Where can I learn about applying machine learning algorithms to huge amounts of data? My math background is mostly on the theory side, definitely not on the numerical or approximation side, and I'm guessing most of the standard ML algorithms don't really scale.
Any other suggestions on things to learn would be great!
Apache Hadoop is indeed a good start, because it's free, has a large community and is easy to set up.
Hadoop is build in Java, so this can be the language of choice. But it is possible to use ohter languages with Hadoop as well ("pipes" and "streams"). I know, that Python is often used for example.
You can avoid having your data in data bases, if you like to. Originally, Hadoop works with data on the (distributed) file system. But as you already seem to know, there are distributed data bases for Hadoop available.
Did you ever had a look an Mahout? I think that would be a hit for you ;-) Many work you need, may already had been done!?
Read the Quick Start and set up your own (pseudo-distributed?) cluster and run the word-count example.
Let me know, if you have any questions :-) A comment will remind me on this question.
I've done some large scale machine learning (3-5GB datasets), so here are some insights:
First, there are logistics issues at large scales. Can you load all your data into memory? With Java and a 64 bit JVM you can access as much RAM as you have: for example, command line parameter -Xmx8192M will give you access to 8GB (if you have that much). Matlab, being a Java application, can also benefit from this and work with fairly large datasets.
More importantly, the algorithms that you run on your data. Chances are that standard implementations will expect all of the data in memory. You might have to implement a working set approach yourself, where you swap data in and out to the disk, and only work on a portion of data at a time. These are sometimes referred to as chunking, batch or even incremental algorithms, depending on the context.
You are right to suspect that a lot of algorithms do not practically scale, so you might have to go for an approximate solution. The good news is that for almost any algorithm you can find research papers that deal with approximation and/or discuss large scale solutions. The bad news is that you'll most likely have to implement those approaches yourself.

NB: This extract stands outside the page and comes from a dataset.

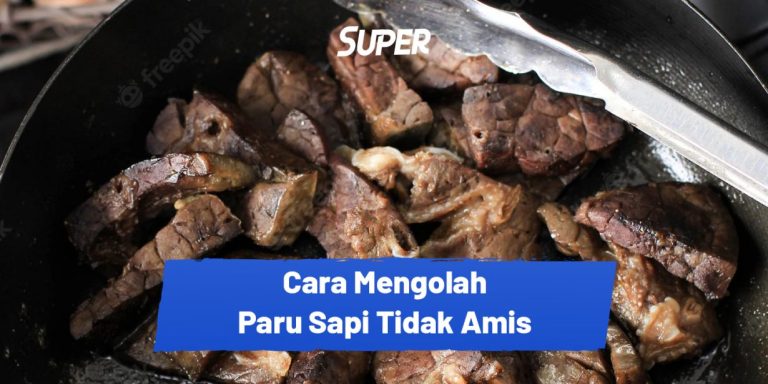 Mengungkap Rahasia Kelezatan Paru Sapi Tips Merebus Paru Sapi Agar Tidak Amis Dan Cepat Empuk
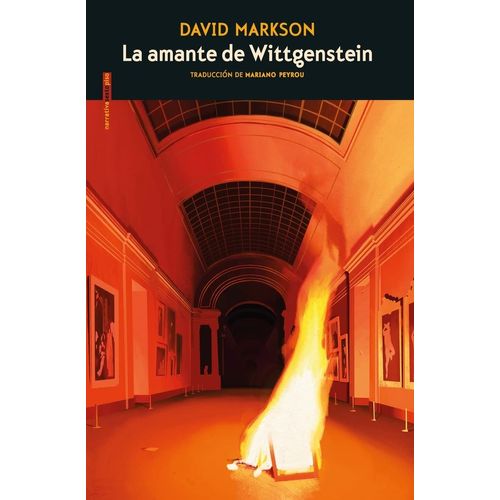 LA AMANTE DE WITTGENSTEIN - DAVID MARKSON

Hadoop is great, but can be a pain in the ass to set up. This is by far the best article I've read on Hadoop setup. I strongly recommend it:
http://www.michael-noll.com/wiki/Running_Hadoop_On_Ubuntu_Linux_%28Single-Node_Cluster%29
Clojure is built on top of Java so it's unlikely that it's going to be any faster than Java. However, it is one of the few languages that does shared memory well, which may or may not be helpful. I'm not a math guy but it seems most math calculations are very parallelizable, with little need of threads sharing memory. Either way, you might want to check out Incanter, which is Clojure's statistical computing library, and clojure-hadoop, which makes writing Hadoop jobs a lot less painful.
In terms of languages, I find that the differences in performance end up being constant factors. It's far better to just find a language you enjoy and focus on improving your algorithms. However, according to some shootout cited by Peter Norvig (scroll down to the colorful table, you may want to shy away from Python and Perl due to their crappiness with arrays.
In a nutshell, NoSQL is great for unstructured/arbitrarily structured data while SQL/RDBMS is great (or at least tolerable) for structured data. Changing/adding fields is expensive in RDBMS so if that's going to happen alot, you might want to shy away from them.
However, in your case, it seems like you're going to be batch processing a ton of data and then getting back an answer as opposed to having data around that you will periodically ask questions about? You could probably just process CSVs/text files in Hadoop. Unless you need a performant way of accessing arbitrary information about your data on the fly, I'm not sure either SQL or NoSQL would be useful.